Check out my previous week’s blog post.

Monday, March 4

Project 3 is due this week, I should be more panicked than I am, considering we still don’t have a working validated schema. I think all the groups are just kind of waiting eachother out to see who will post something to the public repo. If nothing is there by Tuesday, I’ll start my own. Who knows maybe I’ll try to get one together for the class to adopt. I like the direction our group is going, we are all agreeing on the attributes and details of the schema we want, it’s just an issue of writing the XSD now. Ugh.

Wednesday, March 6

Today was the opening of the new Computer Science building. Despite having the day off to be able to attend the festivities, I was unable to due to having to prepare for other classes. I spent the whole day locked in my apartment studying and working on project 3, particularly the XSD Schema. My group didn’t do well trying to work together on the schema, as most of my group just didn’t understand the specifics of the XSD, so as the team leader for the week I took charge and spearheaded the XSD building on the base of another group’s schema, adapting it to our group’s element attributes and characteristics and then extending it to fit some of our specific needs. Late in the day I published my XSD in an effort to get other groups to adopt the schema.

Friday, March 8

Well I submitted the project yesterday with just a few seconds to spare. I was rushing to get my group’s XML to validate against the XSD that was constantly evolving. I ended up having to go bug hunting looking for attributes that were incorrect or data types that didn’t validate. It was painstaking, but I got it done. In the end I believe that 3 or 4 other groups adopted our schema, which is exciting.
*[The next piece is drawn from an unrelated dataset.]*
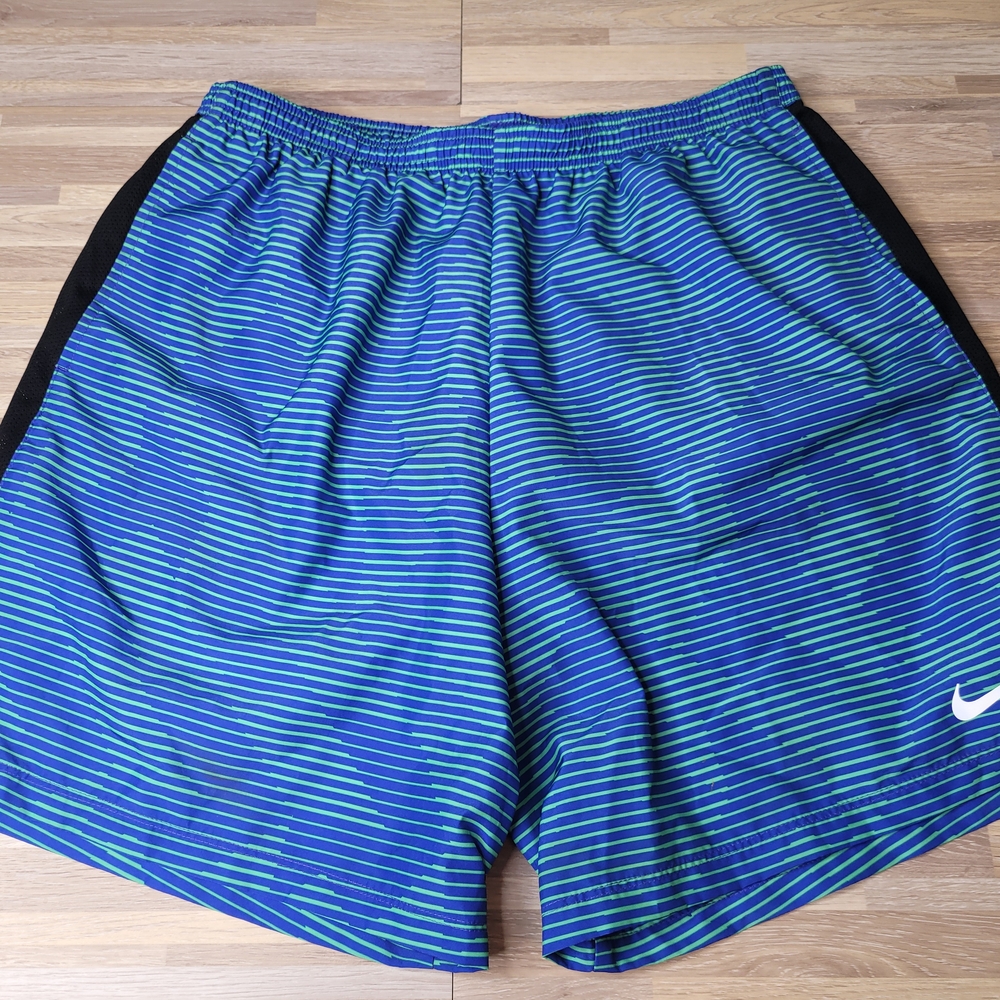 Nike‎ Men's Size Large Striped Blue Athletic Shorts Lined Dri-Fit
I’m hoping our schema is selected for the class to move forward with. I’m still not happy with how I handled the url data type (XSD:URI) just doesn’t degrade gracefully when you are dealing with urls that have query data appended to it. I’m thinking about using regular expressions to match urls, but that’s complex as there are many cases, http, https, non-http links. Anyway, I’m now home free for Spring Break and it is time for a break!